JCR-VIS assigns Management Quality Rating of AM3 to HBL Asset Management Limited

JCR-VIS Credit Rating Company Limited has assigned a Management Quality rating of AM3 (AM-Three) to HBL Asset Management Limited (HBL AMC).

HBL AMC is a wholly owned subsidiary of Habib Bank Limited (HBL) and started operations in April 2006. The AMC benefits from the franchise of its parent entity, with HBL positioned as the largest private sector bank, both in terms of deposits held by the bank and the size of branch network.

During its short operational history, the organization has launched three funds with diverse asset classes. The returns posted by the funds have been comparable to their respective peer groups. While personnel for key fund operations are in place, the company is in the process of strengthening risk management and compliance capacity.

The company has managed to put in place satisfactory operational systems. The internal audit function has been outsourced to a professional firm. As the organization grows and more funds are launched from its platform, HBL AMC is expected to further enhance its investment management capabilities and strengthen procedures.

 

EFU Life Assurance Ltd

IFS: AA-, Outlook: Stable

JCR-VIS upgrades IFS Rating of EFU Life Assurance Ltd to AA- from A+ with a Stable Outlook

JCR-VIS Credit Rating Co. Ltd. (JCR-VIS) has upgraded the Insurer Financial Strength (IFS) rating of EFU Life Assurance Ltd (EFU Life) to AA- (Double A Minus) from A+ (Single A Plus) with a Stable Outlook.

EFU Life has completed 15 years of operation and has become the leading private sector life insurance company in Pakistan. Market share of the company has grown due to having a sizeable sales force and focus on productivity (through training) and persistency (through better client serving). There has also been significant focus on forging alliances and distribution through bancassurance channel. The major avenue of growth has been individual life insurance which primarily comprises unit-linked policies. The unit-linked schemes are linked to funds under management which have yielded attractive returns to policyholders. Group life insurance has also shown good growth and contributed positively to overall company profitability. The company is adequately capitalized and has strong liquidity vis-à-vis liabilities. Investments of unit linked funds are well matched with the liabilities of the policyholders. Performance of underwriting operations has improved contributing a significant portion of the surplus to net profit. Investment returns mostly stemming from capital gains have also been strong during 2007.

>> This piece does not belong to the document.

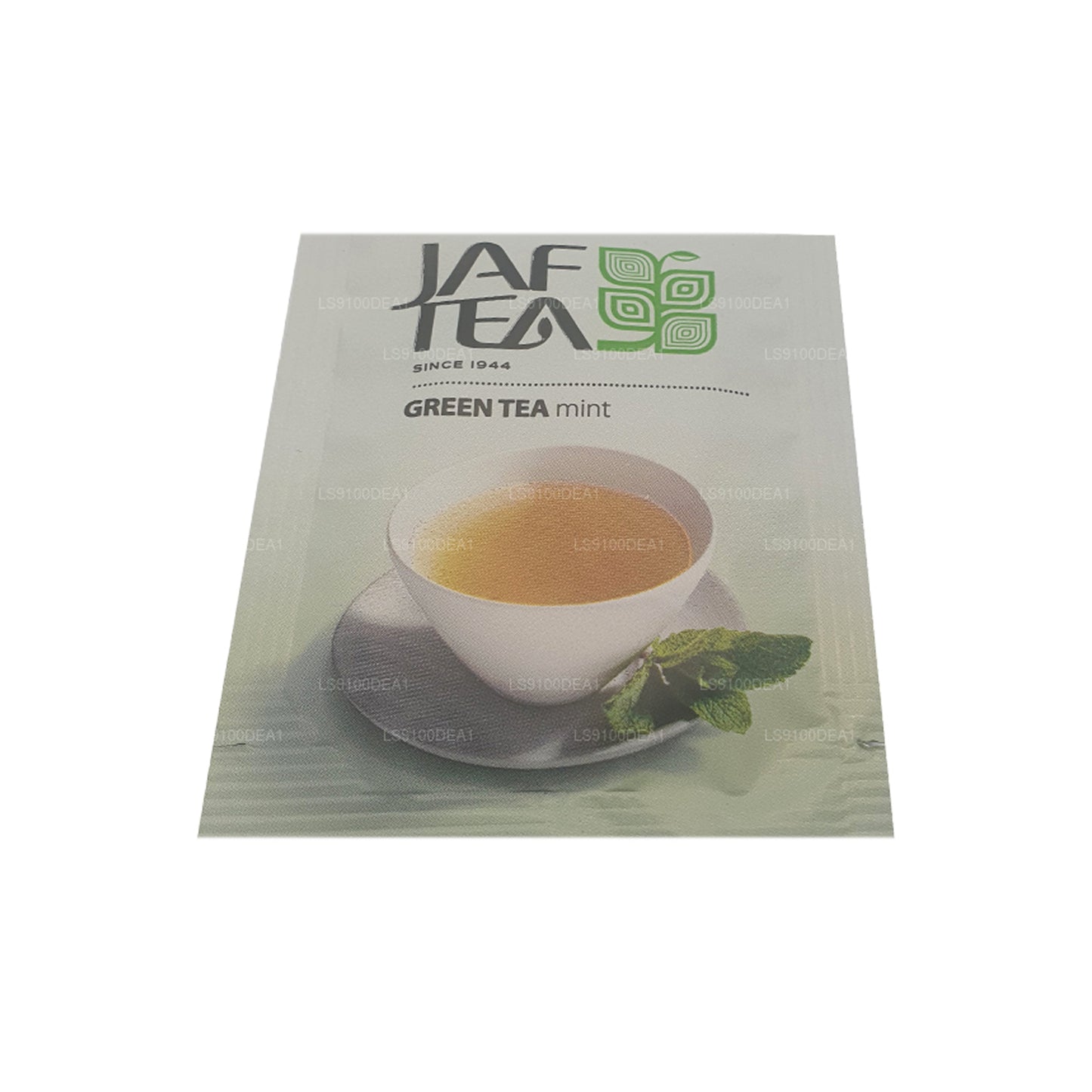 Коллекция Jaf Tea Чистая зеленая (160 г) 80 пакетиков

Senior management of EFU Life comprises experienced personnel backed by a team of experienced and qualified professionals including accountants, actuaries and underwriters. There has been stability in top management over the years and Management Information Systems are effective. While the management is also making efforts at improving the overall control environment and setup, the function of internal audit requires further strengthening. The management is making efforts at improving the overall internal control environment and setup. The panel of reinsurers of EFU Life is strong with business being reinsured by top reinsurers of the world.

 

Quetta Textile Mills Limited

TFC: A-, Outlook: Stable

JCR-VIS assigns preliminary rating of A- to proposed Sukuk of Quetta Textile Mills Limited

JCR-VIS Credit Rating Company Limited has assigned preliminary medium to long term rating of A- (Single A Minus) to the proposed Sukuk of Rs 1 billion (with additional green shoe option of Rs. 0.5 billion) of Quetta Textile Mills Limited (QTML). The outlook on the rating is Stable. The preliminary Sukuk rating will be converted into final rating on review of the signed legal documents incorporating the structure of the transaction.

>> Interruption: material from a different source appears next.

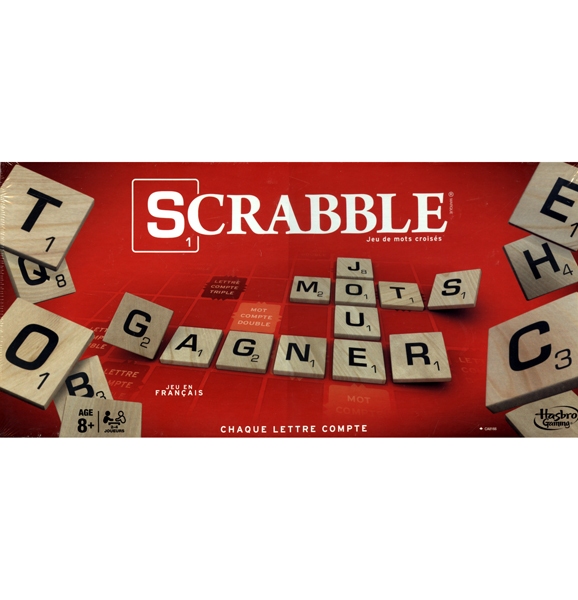 SCRABBLE SCRABBLE (FRANÇAIS)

The assigned ratings take into account the long history of QTML in the textile industry and its policy of continuous up-gradation of plant and equipment. This has, however, also resulted in high debt leverage for the company as well as debt servicing pressure which is mitigated through the proposed structure of the transaction. The said structure entails a corporate guarantee of Rs. 200m from at least an A rated financial institution and standby credit lines, also from an A rated financial institution, for each upcoming installment payment. The proposed Sukuk will be issued for a term of seven years inclusive of one year grace period on principal repayment which will subsequently be redeemed in 12 unequal semi annual tranches with markup payable semi annually in arrears.

We are closely following the results reported by the textile industry in FY2008 which is turning out to be a tight year for the industry with high cotton prices which are not offset by commensurate yarn prices due to intense competition in the global markets. The ratings would be under surveillance during the period of the contract and JCR-VIS will be monitoring any changes in the risk profile of the company for possible impact on the assigned ratings.